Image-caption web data
**********

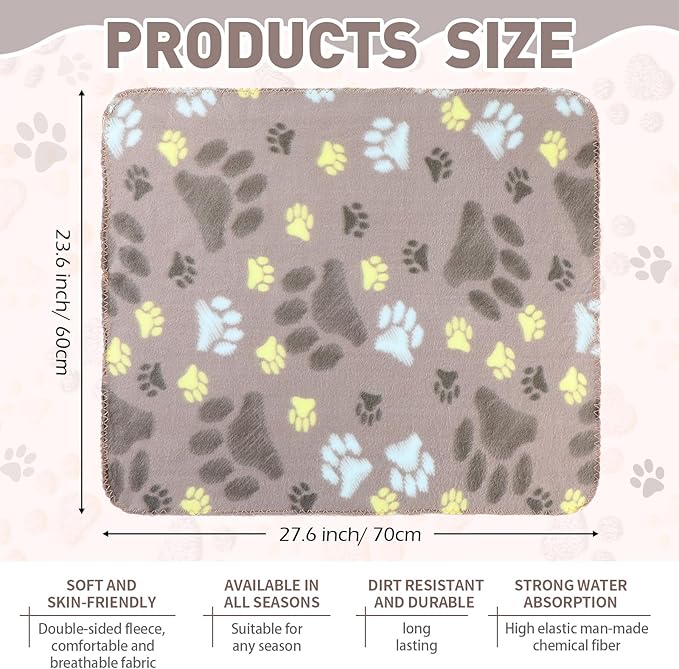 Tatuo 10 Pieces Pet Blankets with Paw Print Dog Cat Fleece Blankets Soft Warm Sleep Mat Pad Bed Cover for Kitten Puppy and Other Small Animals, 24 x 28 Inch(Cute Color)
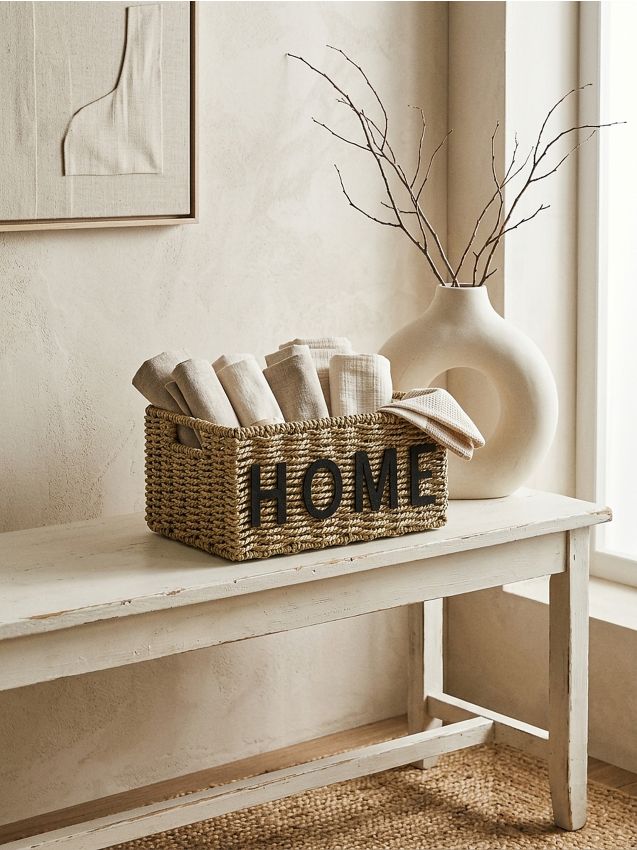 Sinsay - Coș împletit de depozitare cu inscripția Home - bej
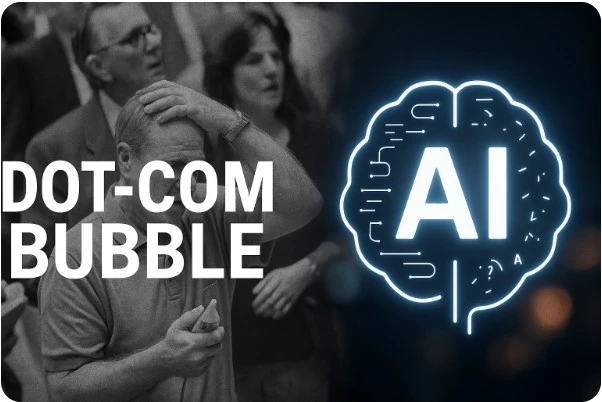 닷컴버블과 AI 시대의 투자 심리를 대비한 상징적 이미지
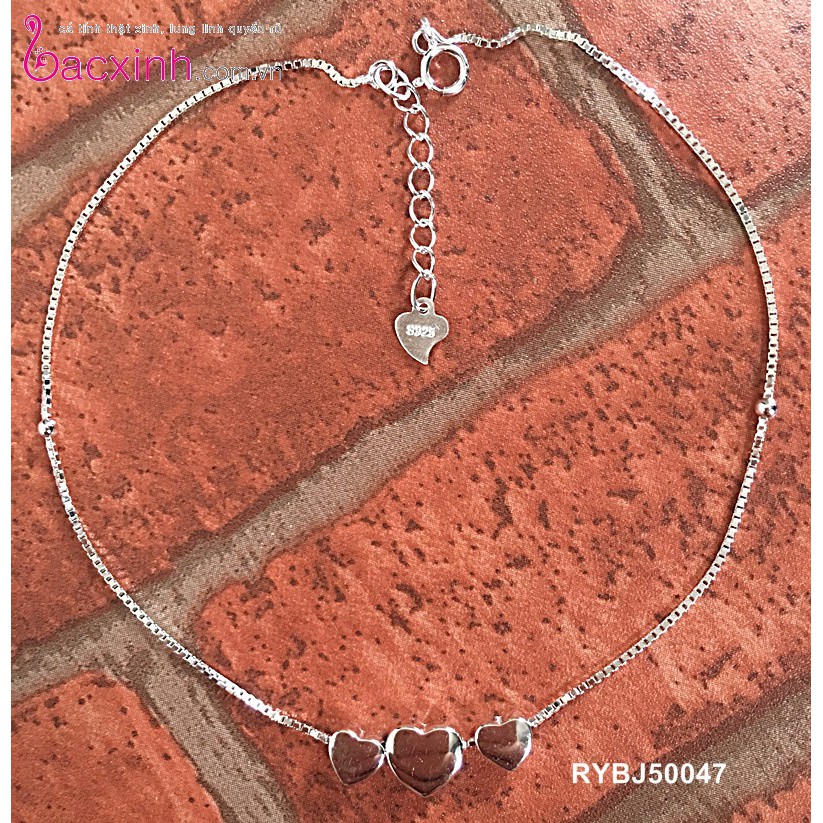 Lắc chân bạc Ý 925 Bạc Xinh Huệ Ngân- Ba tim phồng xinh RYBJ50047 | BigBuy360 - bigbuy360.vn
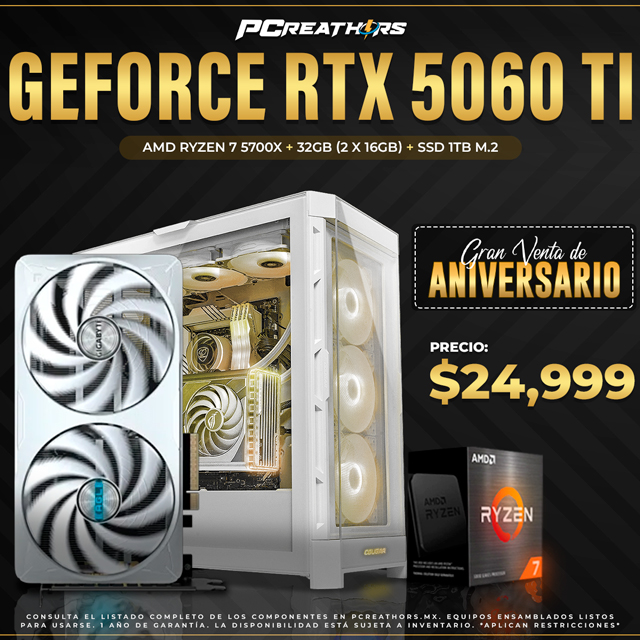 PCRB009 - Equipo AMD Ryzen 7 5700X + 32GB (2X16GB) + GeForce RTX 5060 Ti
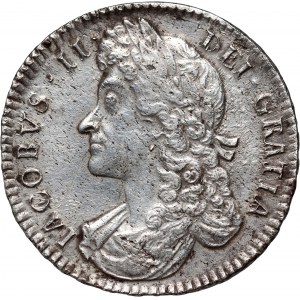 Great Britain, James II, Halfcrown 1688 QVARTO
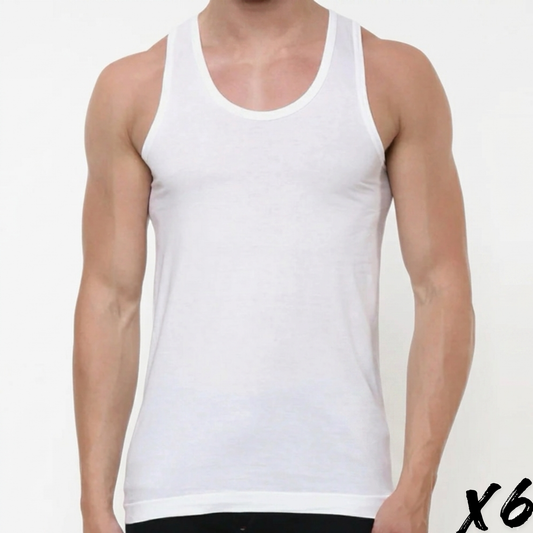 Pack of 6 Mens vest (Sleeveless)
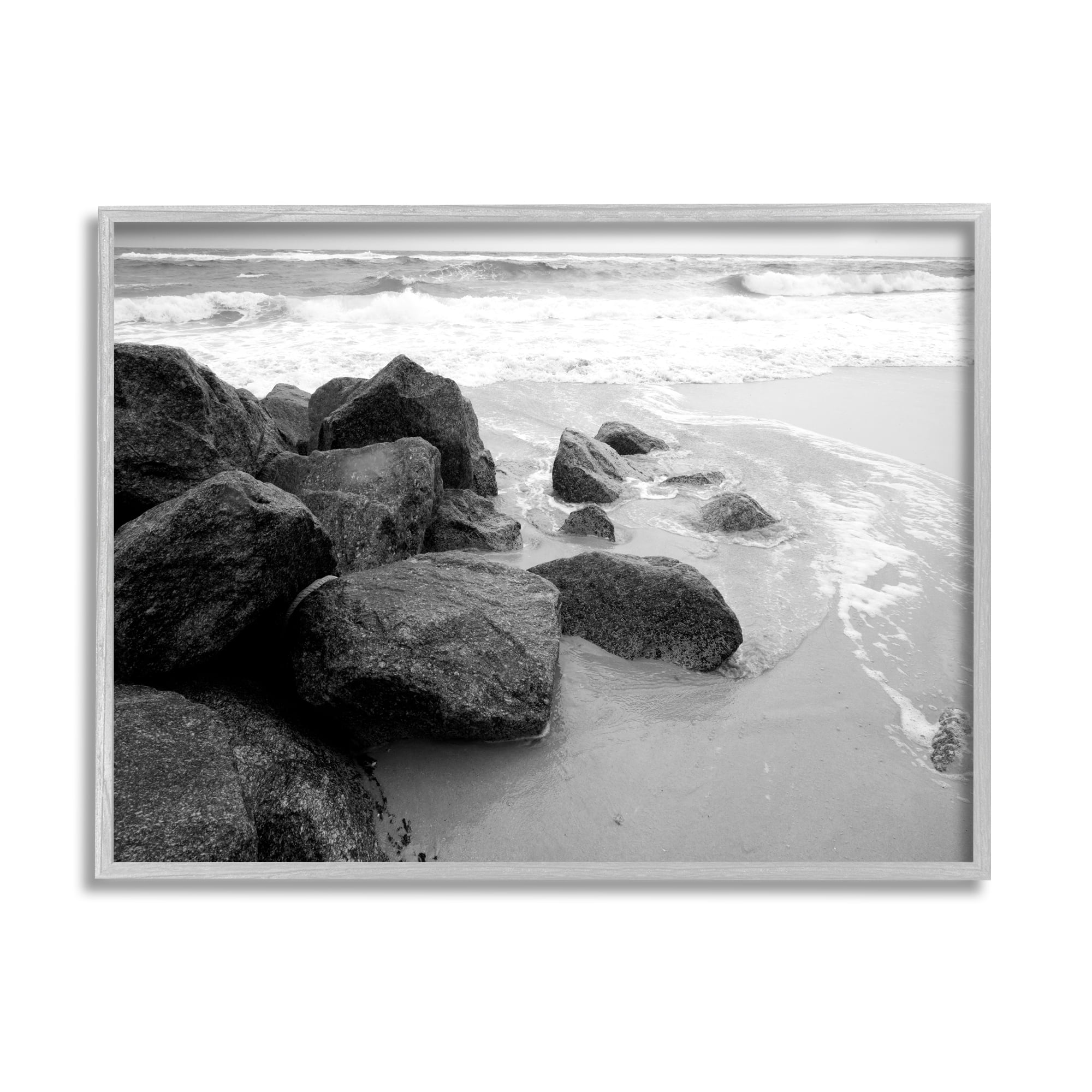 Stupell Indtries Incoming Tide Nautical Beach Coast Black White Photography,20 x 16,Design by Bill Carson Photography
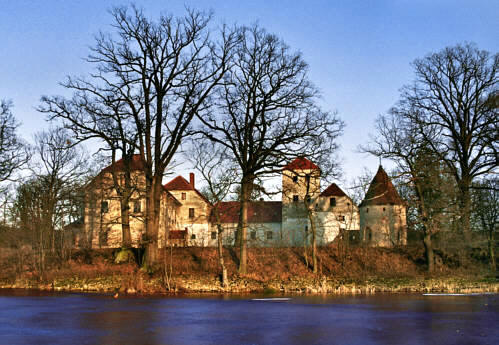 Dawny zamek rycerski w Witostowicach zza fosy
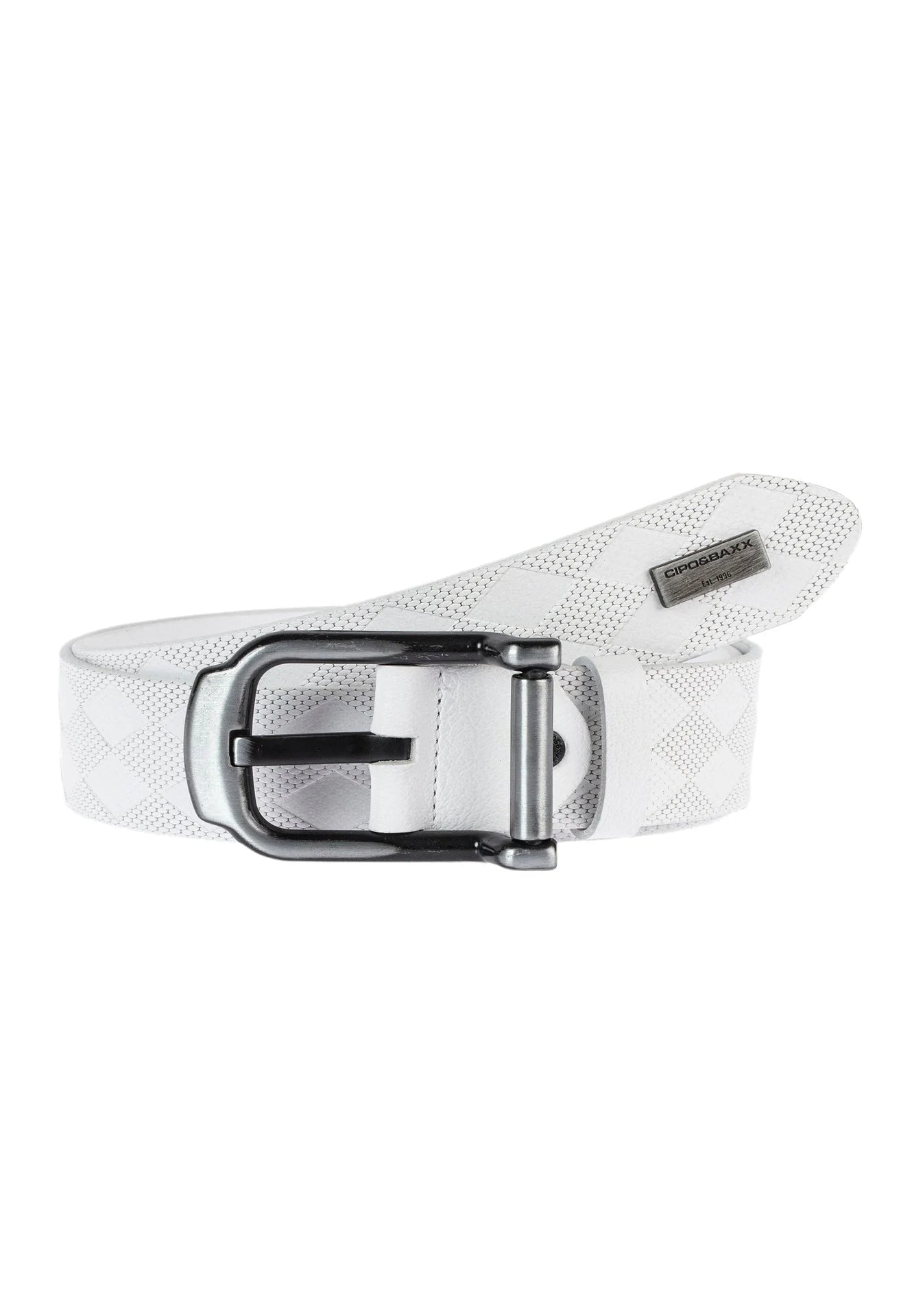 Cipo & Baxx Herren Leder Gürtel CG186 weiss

**********

What is needed
Between and including the line with "Lắc chân bạc" and the line with "Pack of 6 Mens vest (Sleeveless)", repeat every line exactly as it appears above, with pictures left out.

Exercise solution
 Lắc chân bạc Ý 925 Bạc Xinh Huệ Ngân- Ba tim phồng xinh RYBJ50047 | BigBuy360 - bigbuy360.vn
 PCRB009 - Equipo AMD Ryzen 7 5700X + 32GB (2X16GB) + GeForce RTX 5060 Ti
 Great Britain, James II, Halfcrown 1688 QVARTO
 Pack of 6 Mens vest (Sleeveless)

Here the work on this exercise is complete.